_PROBLEM DETAILS_
Write out, word for word and with no pictures, each line below from the one containing "厄洛替尼耐藥后,免疫細胞治療" through the one containing "Treatment of Acetabular", both included, and no other line.

_RECORD EXTRACTS_

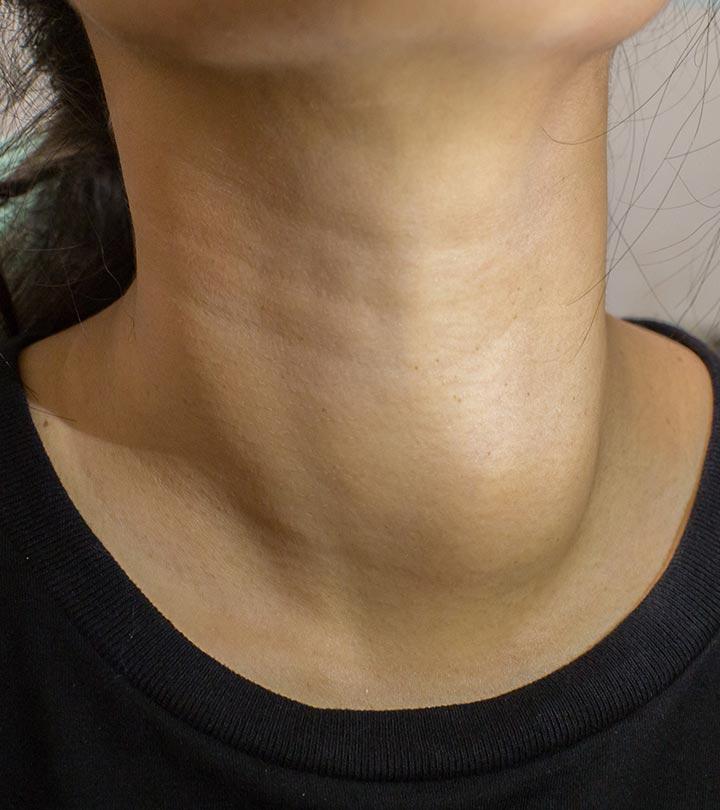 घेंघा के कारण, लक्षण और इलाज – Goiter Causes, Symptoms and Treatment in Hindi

--

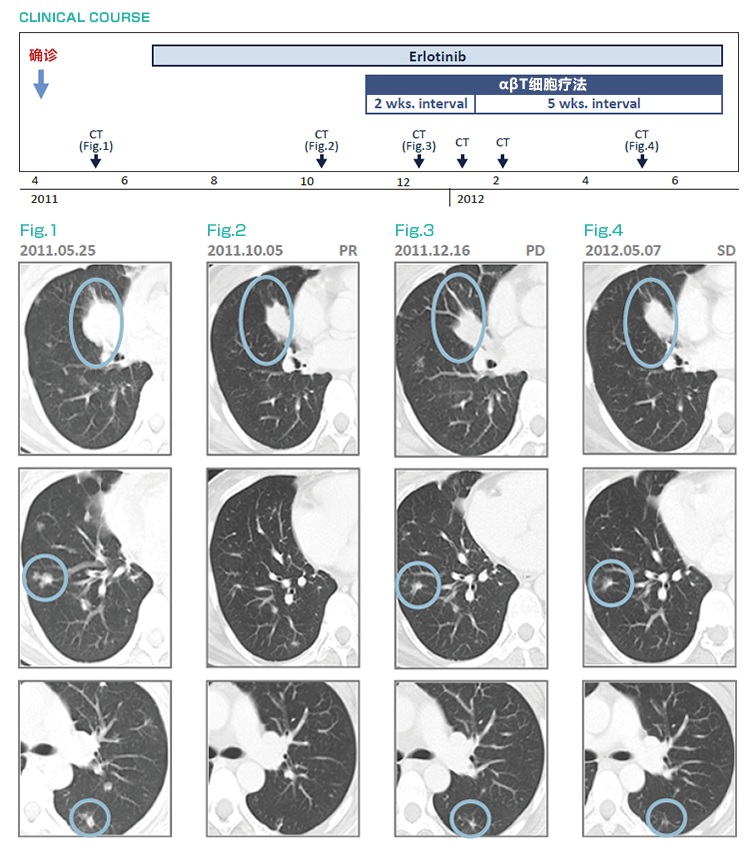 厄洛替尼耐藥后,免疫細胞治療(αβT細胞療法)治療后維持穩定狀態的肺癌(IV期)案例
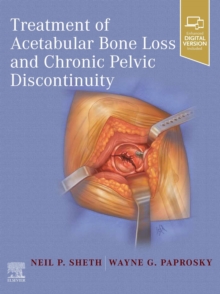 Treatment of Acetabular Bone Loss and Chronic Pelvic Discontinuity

_SOLUTION_
 厄洛替尼耐藥后,免疫細胞治療(αβT細胞療法)治療后維持穩定狀態的肺癌(IV期)案例
 Treatment of Acetabular Bone Loss and Chronic Pelvic Discontinuity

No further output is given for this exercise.